If he didn’t do as told, Pribitkin said, the sexual assault allegations would go before the hospital’s medical executive committee and they’d likely have to report him to the NPDB, according to Abraham.
So, Rothman essentially blackmailed Dr Abraham into taking an immediate leave, by saying that the Institute would commit a crime by not reporting the sexual assault allegations. That’s not investigating, but bargaining. Perhaps it’s not just the District Attorney who needs to look into this, but the United States Attorney as well, given that this is an allegation of violation of federal law.
There’s a lot more information at the Inky’s original, and it’s not limited to subscribers, though if you access more than a few articles a month, the paywall does come down.
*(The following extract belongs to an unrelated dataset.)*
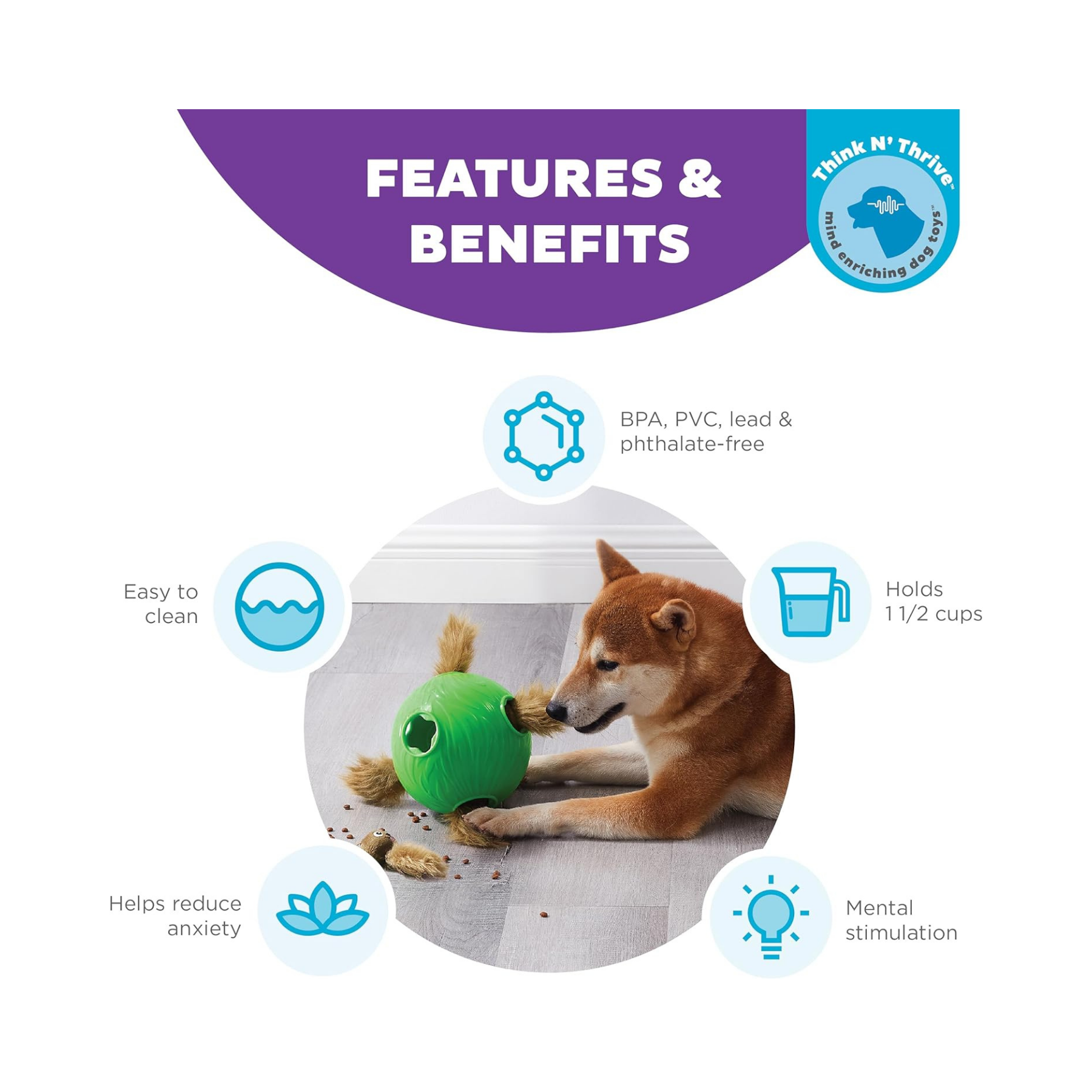 Nina Ottosson Dog Snuffle 'n Treat Ball for Dog Enrichment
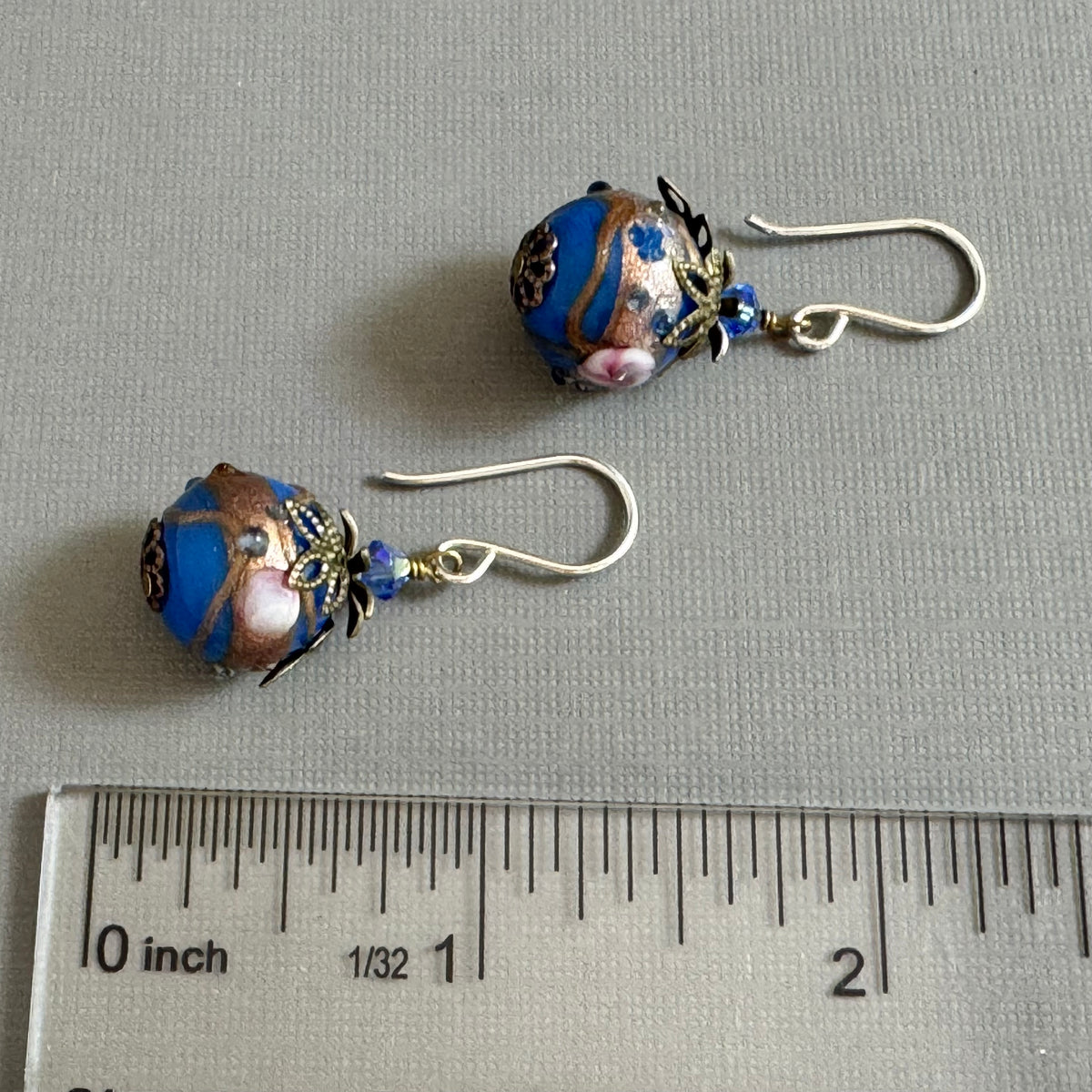 Blue Round Italian Wedding Cake Earrings in Sterling Silver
As a Mass-every-Sunday Catholic, I was very disappointed with the allegations against Msgr Lynn. At most, I saw what he was alleged to have done as a crime by Cardinal Anthony Bevilacqua, but when this became a criminal case, the Cardinal, by then retired, 88-years-old, and suffering from cancer and dementia, couldn’t be tried. Early in the trial, Judge Sarmina ruled that Cardinal Bevilacqua was able and competent to give testimony as a witness in the case, but just two days after her ruling, the Cardinal died in his sleep. But while Mr Williams and Judge Sarmina misapplied the law as it stood, which resulted in an unfair, and eventually reversed, conviction, the point that the Archdiocese of Philadelphia shuffled around offending priests to keep them from being defrocked or, worse, charged, tried, and convicted in sexual abuse cases was a valid one. Supervisory officials such as then Pennsylvania State University President Graham Spanier, Athletic Director Tim Curley, and Senior Vice President for Finance and Business Gary Schultz, who was responsible for oversight of the campus police department, were all held accountable for covering up former Assistant Football Coach Jerry Sandusky’s rape of a young boy, though they were incarcerated for just a couple of months each.
The Inquirer’s story is the first step, and now law enforcement needs to look into this case. Yeah, there are some wealthy and powerful interests involved here, people able to pay for major league legal help, but the potential prosecution has plenty of money as well. Hold them accountable, and maybe some other good old boys network will think twice before covering up things.